When Peter Morrison finally gave up looking in the pockets of Henry Anderson's coat for enlightenment concerning Linda's conduct, it was with his mind settled on one point. There was nothing in the coat now that could possibly have startled the girl or annoyed her. Whatever had been there that caused her extremely peculiar conduct she had carried away with her. Peter had settled convictions concerning Linda. From the first instant he had looked into her clear young eyes as she stood in Multiflores Canyon triumphantly holding aloft the Cotyledon in one hand and with the other struggling to induce the skirt of her blouse to resume its proper location beneath the band of her trousers, he had felt that her heart and her mind were as clear and cool and businesslike as the energetic mountain stream hurrying past her. Above all others, "straight" was the one adjective he probably would have applied to her. Whatever she had taken from Henry's pockets was something that concerned her.

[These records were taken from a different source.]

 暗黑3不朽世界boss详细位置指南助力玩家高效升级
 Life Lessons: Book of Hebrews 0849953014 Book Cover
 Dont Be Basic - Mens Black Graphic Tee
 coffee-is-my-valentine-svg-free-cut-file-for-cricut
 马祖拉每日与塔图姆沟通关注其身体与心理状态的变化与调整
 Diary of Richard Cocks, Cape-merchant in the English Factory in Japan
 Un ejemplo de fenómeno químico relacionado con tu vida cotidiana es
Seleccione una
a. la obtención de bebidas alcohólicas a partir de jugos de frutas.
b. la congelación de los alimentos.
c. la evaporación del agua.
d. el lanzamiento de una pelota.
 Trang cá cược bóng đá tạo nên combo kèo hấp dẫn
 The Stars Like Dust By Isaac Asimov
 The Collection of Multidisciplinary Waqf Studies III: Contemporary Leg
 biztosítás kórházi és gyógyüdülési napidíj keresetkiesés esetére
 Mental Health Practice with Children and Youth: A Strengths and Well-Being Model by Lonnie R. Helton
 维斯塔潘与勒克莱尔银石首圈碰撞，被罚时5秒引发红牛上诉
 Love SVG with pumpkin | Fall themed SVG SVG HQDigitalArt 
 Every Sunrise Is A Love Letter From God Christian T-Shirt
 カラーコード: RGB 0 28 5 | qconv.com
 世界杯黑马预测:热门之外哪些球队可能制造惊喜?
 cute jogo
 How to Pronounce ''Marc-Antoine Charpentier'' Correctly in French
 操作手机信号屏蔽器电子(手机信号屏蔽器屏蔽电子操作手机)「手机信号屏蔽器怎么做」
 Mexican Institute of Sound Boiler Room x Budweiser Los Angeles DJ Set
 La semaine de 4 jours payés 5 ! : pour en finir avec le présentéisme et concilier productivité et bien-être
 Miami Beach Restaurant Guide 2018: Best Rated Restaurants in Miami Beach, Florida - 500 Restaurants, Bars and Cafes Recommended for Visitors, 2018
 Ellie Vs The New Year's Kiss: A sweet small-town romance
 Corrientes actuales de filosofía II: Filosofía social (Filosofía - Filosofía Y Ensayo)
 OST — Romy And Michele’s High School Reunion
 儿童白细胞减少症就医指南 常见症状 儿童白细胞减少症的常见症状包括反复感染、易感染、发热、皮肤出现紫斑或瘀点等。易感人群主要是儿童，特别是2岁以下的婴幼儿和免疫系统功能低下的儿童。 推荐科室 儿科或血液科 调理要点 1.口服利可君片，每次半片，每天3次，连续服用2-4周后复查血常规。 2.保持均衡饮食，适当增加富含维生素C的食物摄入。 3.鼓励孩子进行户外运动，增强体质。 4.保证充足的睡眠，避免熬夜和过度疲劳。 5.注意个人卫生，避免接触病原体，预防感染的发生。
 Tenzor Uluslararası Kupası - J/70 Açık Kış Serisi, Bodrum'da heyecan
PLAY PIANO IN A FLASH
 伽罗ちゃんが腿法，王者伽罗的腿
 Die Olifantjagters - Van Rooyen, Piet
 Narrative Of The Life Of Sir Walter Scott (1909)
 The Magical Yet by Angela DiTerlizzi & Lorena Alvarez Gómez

If she took anything, she had a right to take it; of that Peter was unalterably certain. He remembered that a few days before she practically had admitted to him that Anderson had annoyed her, and a slow anger began to surge up in Peter's carefully regulated heart. His thoughts were extremely busy, but the thing he thought most frequently and most forcefully was that he would thoroughly enjoy taking Henry Anderson by the scruff of the neck, leading him to the sheerest part of his own particular share of the mountain, and exhaustively booting him down it.
"It takes these youngsters to rush in and raise the devil where there's no necessity for anything to happen if just a modicum of common sense had been used," growled Peter.
He mulled over the problem for several days, and then he decided he should see Linda, and with his first look into her straight-forward eyes, from the tones of her voice and the carriage of her head he would know whether the annoyance persisted. About the customary time for her to return from school Peter started on foot down the short cut between his home and the Strong residence. He was following a footpath rounding the base of the mountain, crossing and recrossing the enthusiastic mountain stream as it speeded toward the valley, when a flash of color on the farther side of the brook attracted him. He stopped, then hastily sprang across the water, climbed a few yards, and, after skirting a heavy clump of bushes, looked at Linda sitting beside them--a most astonishing Linda, appearing small and humble, very much tucked away, unrestrained tears rolling down her cheeks, a wet handkerchief wadded in one hand, a packet of letters in her lap. A long instant they studied each other.
"Am I intruding?" inquired Peter at last.
Linda shook her head vigorously and gulped down a sob.
"No, Peter," she sobbed, "I had come this far on my way to you when my courage gave out."Peter rearranged the immediate landscape and seated himself beside Linda.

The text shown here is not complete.